### INPUT DATA:

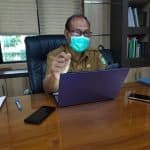 Kepala Dinas Kesehatan Provinsi Kalbar Hary Agung Tjahyadi saat diwawancarai wartawan / PLBN Entikong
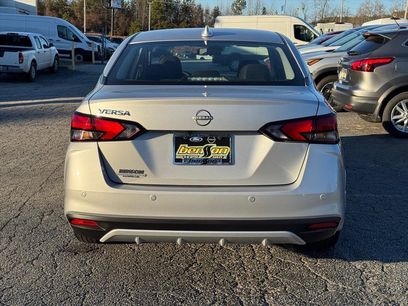 New 2025 Nissan Versa SV w/ Trunk Package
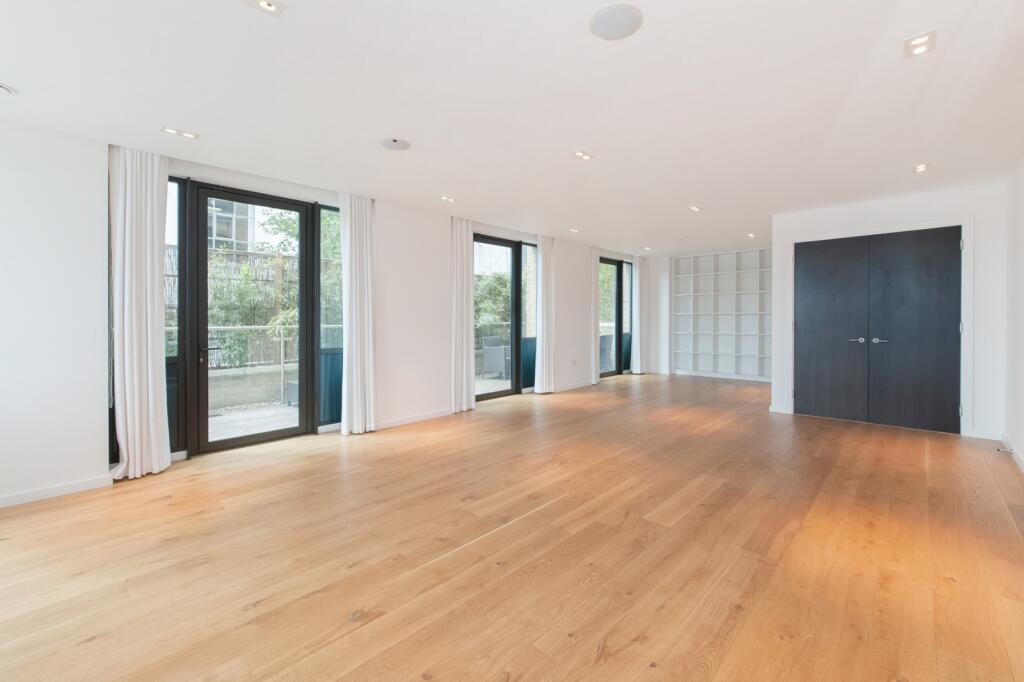 2 bed Apartment for rent in Battersea. From Campden Estates - Chelsea 2 bed Apartment for rent in Battersea. From Campden Estates - Chelsea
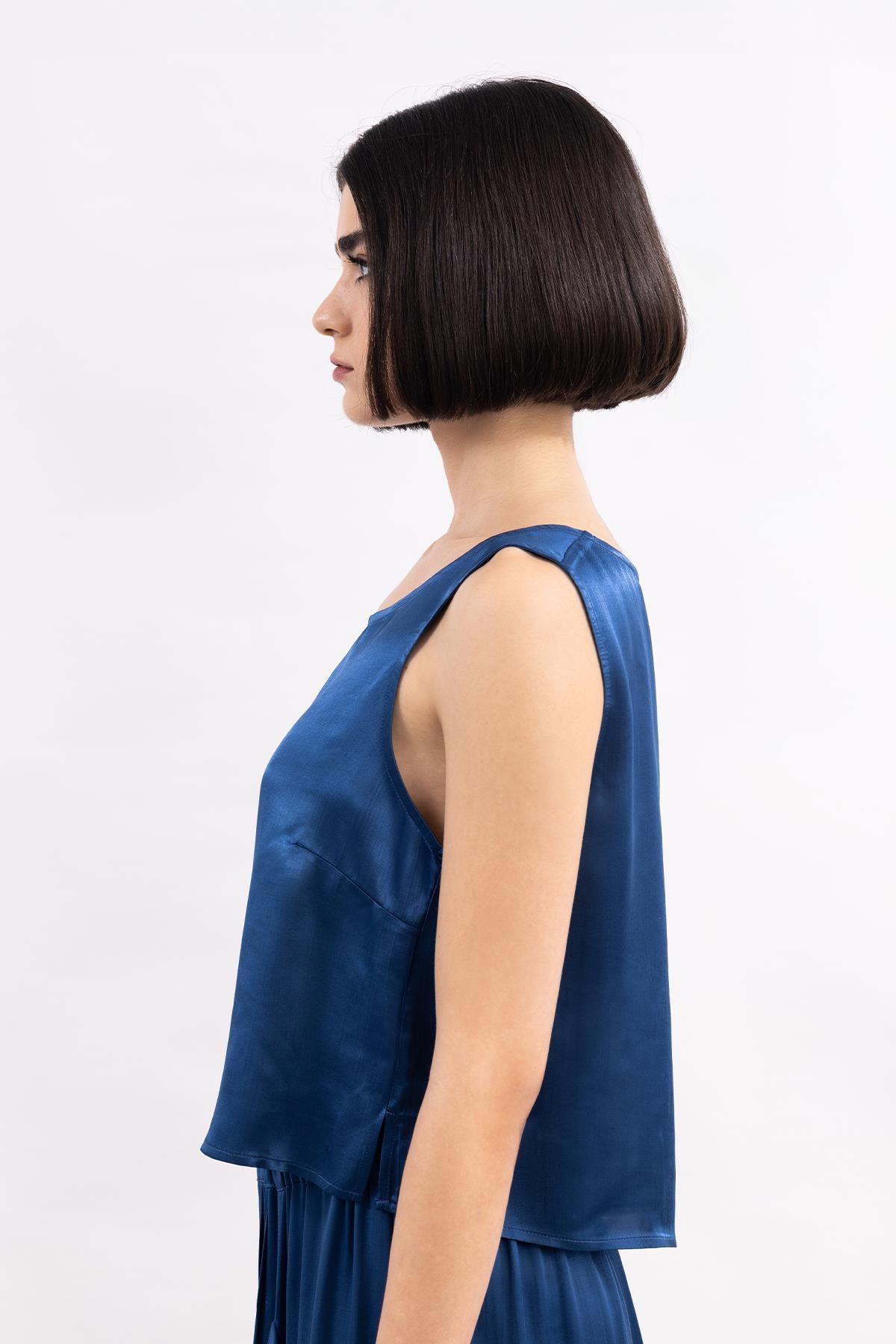 COBALT BLUE SLEEVELESS SWIVEL COLLAR SATIN TOP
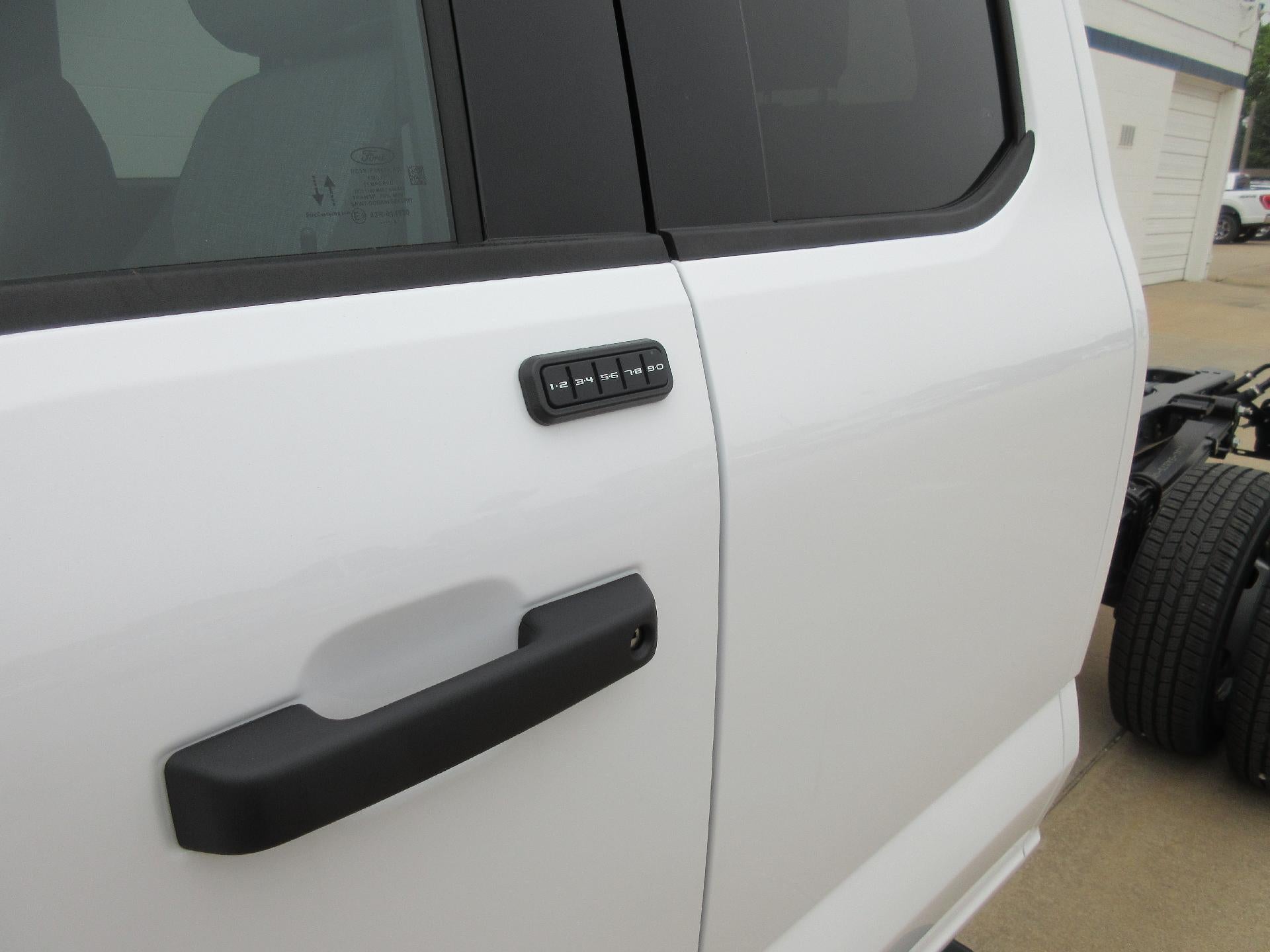2026 Ford Super Duty F-350 DRW XL 4WD SuperCab 168" WB 60" CA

### WHAT YOU WILL DO:
Your copy must hold every record above in its exact wording and must hold no pictures.

### ANSWER FOR THE TASK:
 Kepala Dinas Kesehatan Provinsi Kalbar Hary Agung Tjahyadi saat diwawancarai wartawan / PLBN Entikong
 New 2025 Nissan Versa SV w/ Trunk Package
 2 bed Apartment for rent in Battersea. From Campden Estates - Chelsea 2 bed Apartment for rent in Battersea. From Campden Estates - Chelsea
 COBALT BLUE SLEEVELESS SWIVEL COLLAR SATIN TOP
2026 Ford Super Duty F-350 DRW XL 4WD SuperCab 168" WB 60" CA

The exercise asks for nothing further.